How to complete this task - The line with "Modus Furniture Argento", the line with "Mateo - 14ct", and all lines between them in the material below: return these exactly, and no others.

Extracted data -
════

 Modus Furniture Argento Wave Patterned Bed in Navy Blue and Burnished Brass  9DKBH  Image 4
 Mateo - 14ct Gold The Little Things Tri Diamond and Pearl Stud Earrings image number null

════

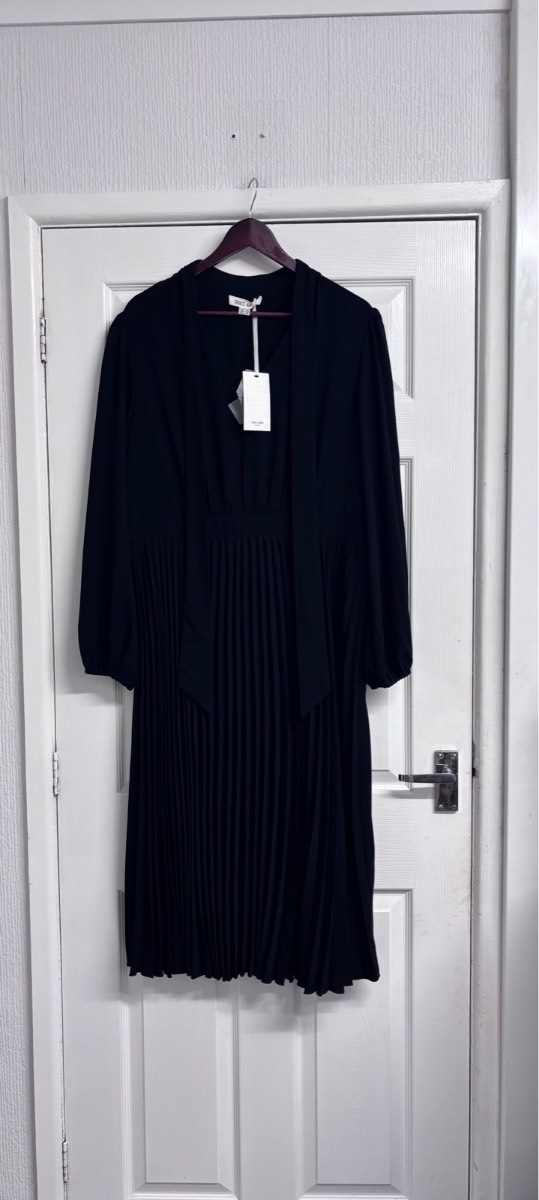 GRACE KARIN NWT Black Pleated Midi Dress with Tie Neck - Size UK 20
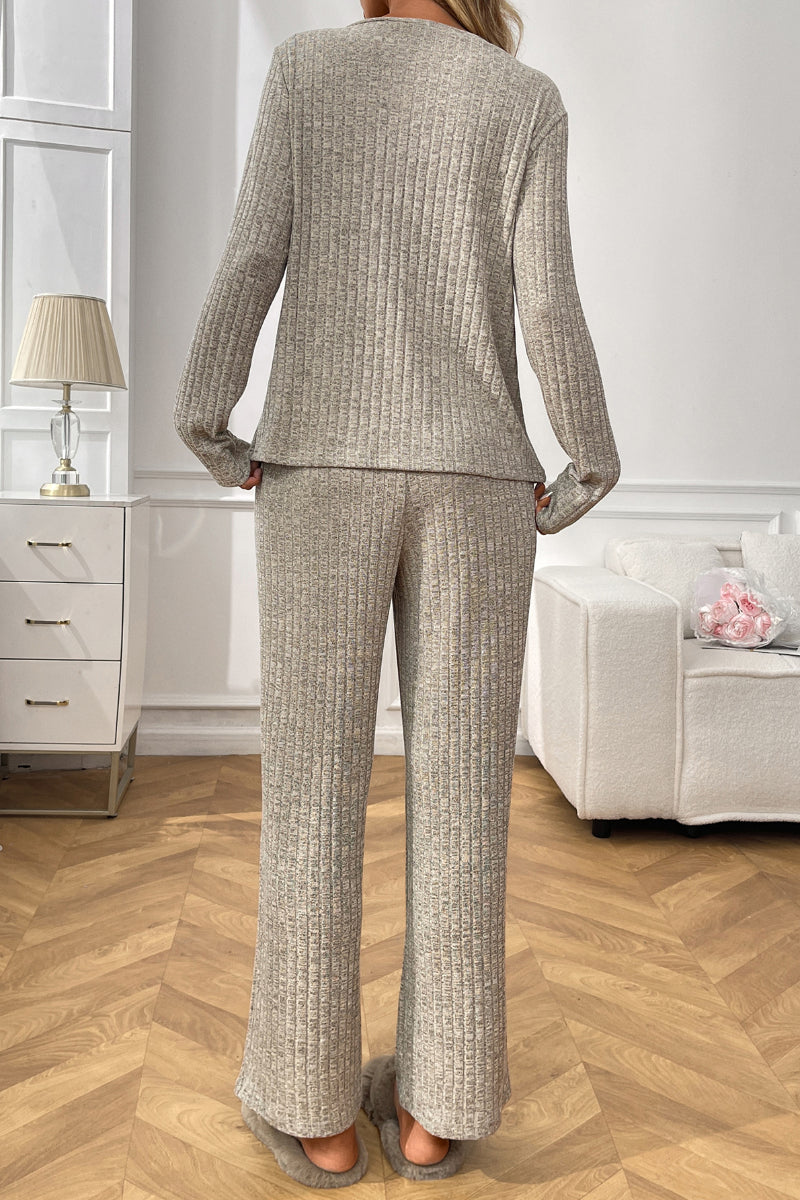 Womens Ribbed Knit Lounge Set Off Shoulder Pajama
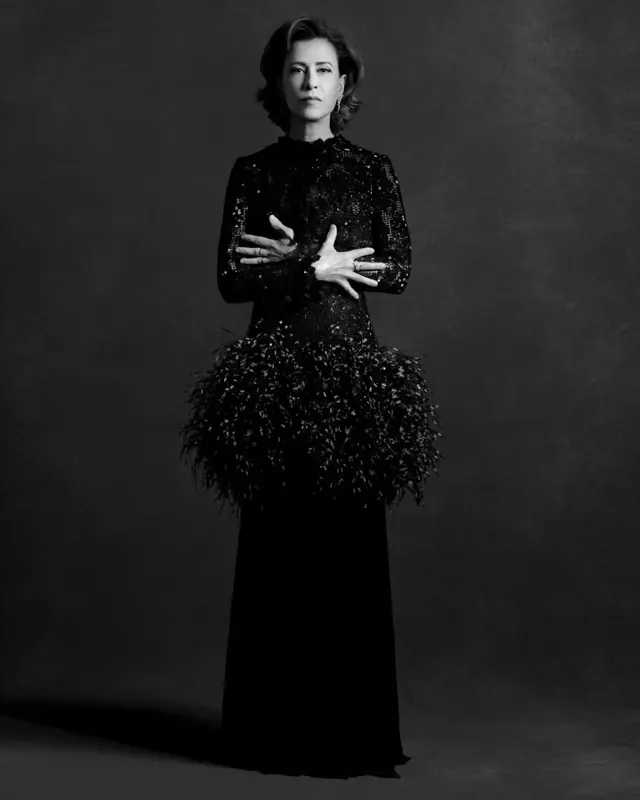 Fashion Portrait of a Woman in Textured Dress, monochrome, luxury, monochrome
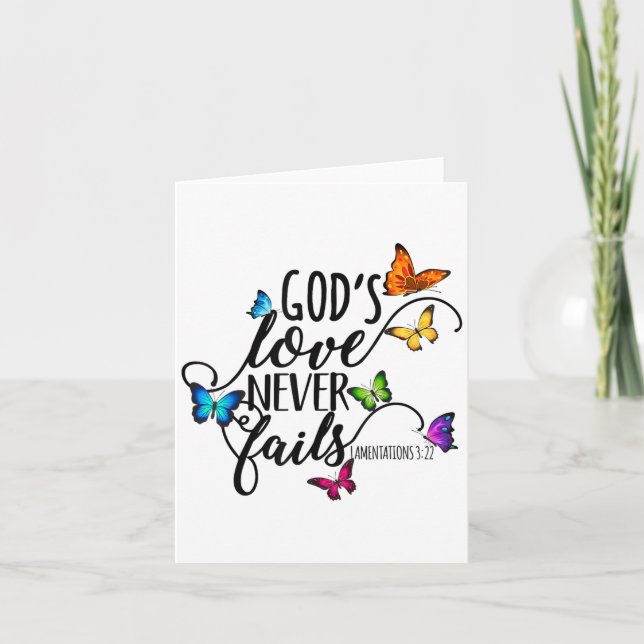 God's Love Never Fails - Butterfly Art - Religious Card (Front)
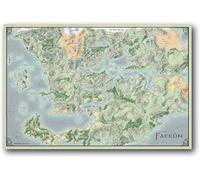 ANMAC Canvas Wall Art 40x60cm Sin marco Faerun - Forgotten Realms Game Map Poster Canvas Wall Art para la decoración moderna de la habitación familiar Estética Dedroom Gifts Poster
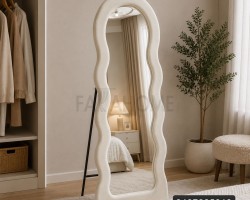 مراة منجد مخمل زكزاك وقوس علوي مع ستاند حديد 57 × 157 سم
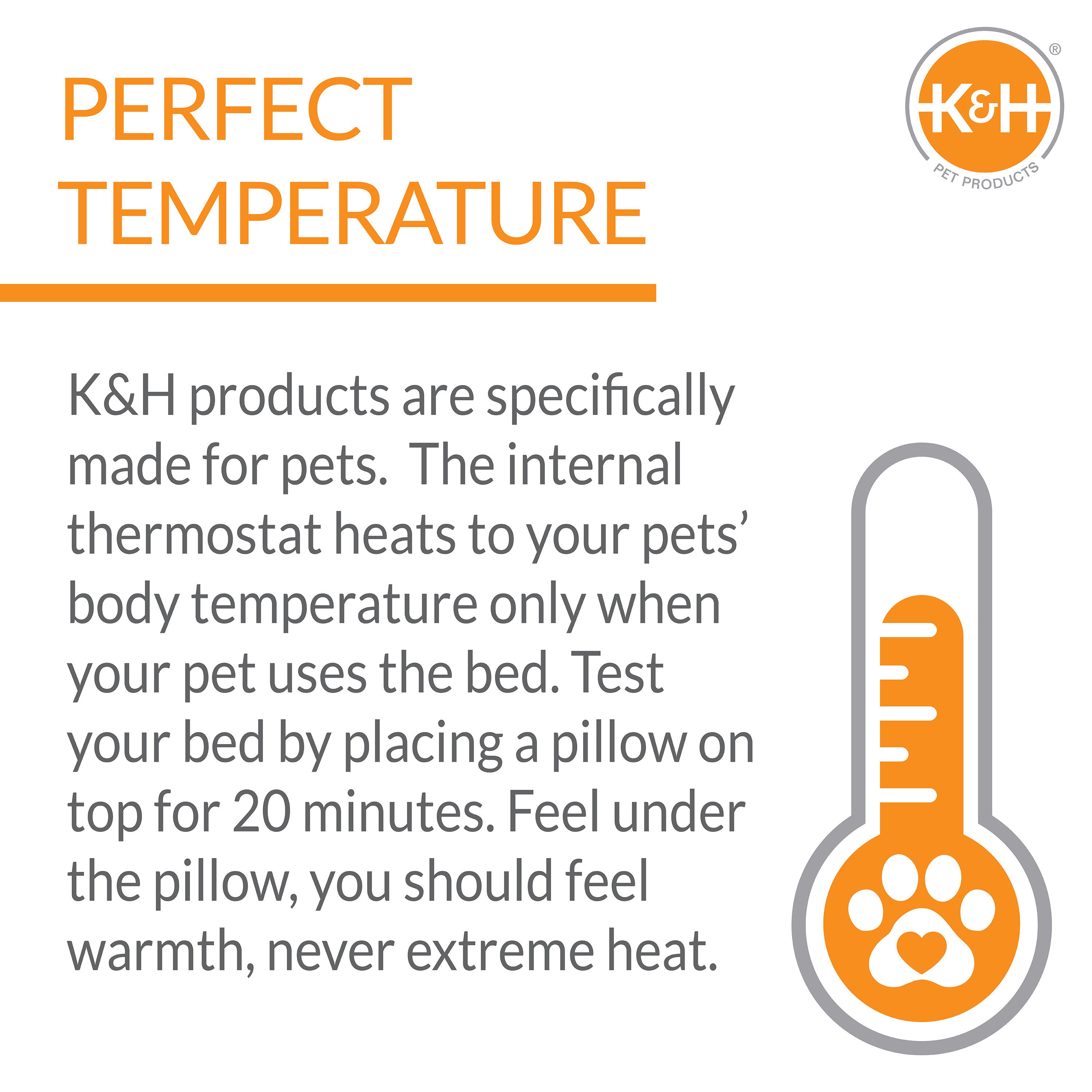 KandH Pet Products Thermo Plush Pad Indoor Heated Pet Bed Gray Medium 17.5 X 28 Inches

════

Solution for this exercise -
 Modus Furniture Argento Wave Patterned Bed in Navy Blue and Burnished Brass  9DKBH  Image 4
 Mateo - 14ct Gold The Little Things Tri Diamond and Pearl Stud Earrings image number null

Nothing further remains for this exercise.